I have no idea what the gently caress is up with the "use a disguise and stop at these various points to blend in" mechanics. At most, the disguise appears to marginally slow down enemies aggroing you. I frequently found myself completely trapped at one of the "blend in nodes" with some enemy looking right at me and never leaving. And the instant I stopped blending in he'd aggro.

I was able to (sorta) get through the whole thing undetected, but it required a lot of save-scumming at various points, just hoping guys wouldn't aggro me. And even then, I reached one point with no blend-in places or other places to hide, and one enemy was a heavy who couldn't be assassinated. I was able to duel it out with him without getting detected elsewhere, at least.

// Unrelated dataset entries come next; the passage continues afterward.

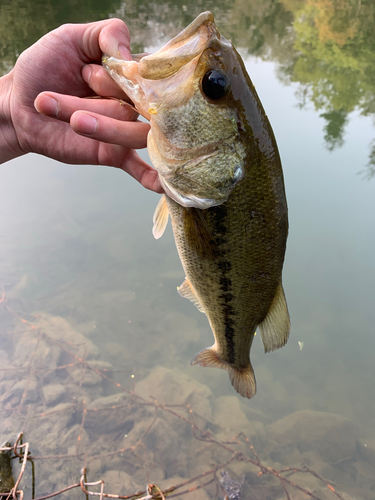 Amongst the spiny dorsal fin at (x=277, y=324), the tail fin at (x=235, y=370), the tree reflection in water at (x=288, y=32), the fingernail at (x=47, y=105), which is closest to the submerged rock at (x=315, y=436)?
the tail fin at (x=235, y=370)

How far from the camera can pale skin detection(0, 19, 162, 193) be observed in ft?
4.09

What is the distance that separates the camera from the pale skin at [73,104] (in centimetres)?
125

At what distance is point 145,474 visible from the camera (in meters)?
2.84

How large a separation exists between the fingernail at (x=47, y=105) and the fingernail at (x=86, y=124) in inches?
4.3

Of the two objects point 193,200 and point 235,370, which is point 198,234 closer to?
point 193,200

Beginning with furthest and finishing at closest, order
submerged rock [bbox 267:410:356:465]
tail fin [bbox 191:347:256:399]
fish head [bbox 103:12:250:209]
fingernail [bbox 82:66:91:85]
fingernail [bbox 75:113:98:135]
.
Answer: submerged rock [bbox 267:410:356:465] → tail fin [bbox 191:347:256:399] → fingernail [bbox 82:66:91:85] → fingernail [bbox 75:113:98:135] → fish head [bbox 103:12:250:209]

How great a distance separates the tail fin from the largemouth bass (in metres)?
0.49

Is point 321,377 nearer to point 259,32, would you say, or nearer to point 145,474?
point 145,474

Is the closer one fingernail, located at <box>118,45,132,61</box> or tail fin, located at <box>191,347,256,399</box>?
fingernail, located at <box>118,45,132,61</box>

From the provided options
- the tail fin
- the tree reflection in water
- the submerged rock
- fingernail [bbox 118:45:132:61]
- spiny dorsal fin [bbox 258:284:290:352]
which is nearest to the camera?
fingernail [bbox 118:45:132:61]

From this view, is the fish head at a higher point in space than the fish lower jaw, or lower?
higher

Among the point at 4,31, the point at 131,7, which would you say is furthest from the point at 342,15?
the point at 4,31

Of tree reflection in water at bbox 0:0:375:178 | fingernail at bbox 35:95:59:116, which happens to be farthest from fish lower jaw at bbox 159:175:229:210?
tree reflection in water at bbox 0:0:375:178

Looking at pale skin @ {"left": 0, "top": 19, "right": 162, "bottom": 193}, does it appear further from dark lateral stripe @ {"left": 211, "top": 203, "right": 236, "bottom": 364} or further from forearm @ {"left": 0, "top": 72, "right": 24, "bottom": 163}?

It wasn't good! I feel like the whole "wear a hood to disguise yourself and blend in" set of mechanics was some vestigal thing they had plans for but ended up mostly abandoning.

Valentin
Sep 16, 2012

"social stealth" in valhalla is pretty much broken, yeah (because social stealth in AC has often just been differently modeled bushes, and in valhalla your stealth doesn't go much further than "in bush" and "not in bush")

ilitarist posted:

It's fair to say you don't find the stealth system fun or engaging, but you started talking about the number of skills relating to stealth. Both you and Alchenar here seem to not understand how stealth works in these games. It's probably a fault of the designers - the series historically made stealth a gimmick where you find the intended path and one-click enemies for victory. They should have better explained there's a proper stealth in the game now, but they failed to do that and people are under the impression that there are enemies with a lot HP that can't be killed (there are bosses that you can't approach in stealth but there are few of those and it's a staple of the series) or that there aren't enough tools in the game. Valhalla walked back on it and indeed became simpler (and also more effectively ), but Odyssey was the most fun and engaging stealth in the series for me, and it has enough depth and connectivity with the other mechanics to not feel like just a gimmick.

i would honestly love to hear how stealth works in these games now if it is apparently different than what i've gleaned from beating odyssey and (oh god i'm hope i'm like) getting about halfway through valhalla. i named skills because they are, as far as i am aware, almost always the only different verb i have in these games that is not "attack" or "run" (god, i miss AC2's coin; e: i did forget odyssey had a whistle command that works! making it basically infinitely better than valhalla). i would sincerely be happy to have the stealth in odyssey explained to me.

Valentin fucked around with this message at 10:22 on Jan 17, 2024

ilitarist
Apr 26, 2016

illiterate and militarist
I haven't played Mirage till the end but the mission design irritated me. At the first major target at Caravan Sarai you're told there are opportunities, what you're not told is that you must use the opportunities, there's no other way to complete the mission even if you stealthily kill everyone on the map. I think this tie-in mission from Valhalla was similar in that regard, but at least you were told about the opportunity right away, you didn't have to look at seemingly optional helping opportunity.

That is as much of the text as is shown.